=== Input for this task ===

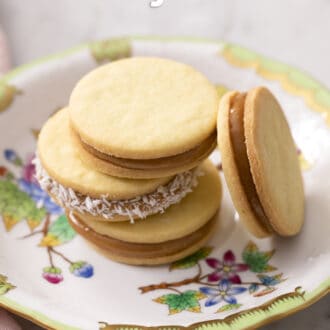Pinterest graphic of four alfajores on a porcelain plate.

===
=== Input for this task ===

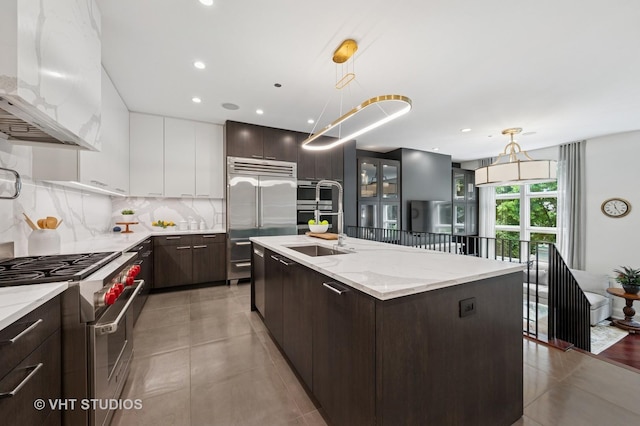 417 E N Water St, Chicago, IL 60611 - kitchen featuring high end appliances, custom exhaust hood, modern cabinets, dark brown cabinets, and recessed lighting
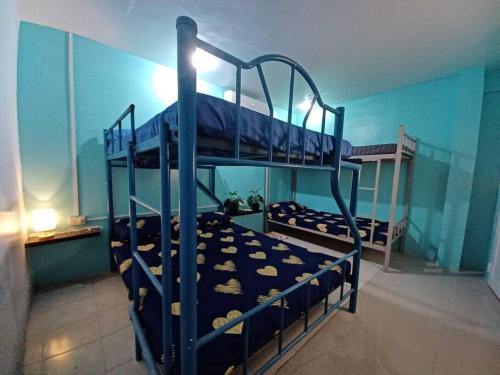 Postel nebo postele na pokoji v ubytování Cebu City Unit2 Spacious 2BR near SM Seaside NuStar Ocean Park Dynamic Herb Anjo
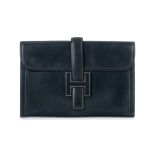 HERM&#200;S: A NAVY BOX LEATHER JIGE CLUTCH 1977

===

▸ **Problem to work on**:
Pictures in the entries do not go into the copy. Print only the lines starting at the one containing "Postel nebo postele" and ending at the one containing "HERM&#200;S: A NAVY", exactly as they appear.

▸ **Task output**:
 Postel nebo postele na pokoji v ubytování Cebu City Unit2 Spacious 2BR near SM Seaside NuStar Ocean Park Dynamic Herb Anjo
 HERM&#200;S: A NAVY BOX LEATHER JIGE CLUTCH 1977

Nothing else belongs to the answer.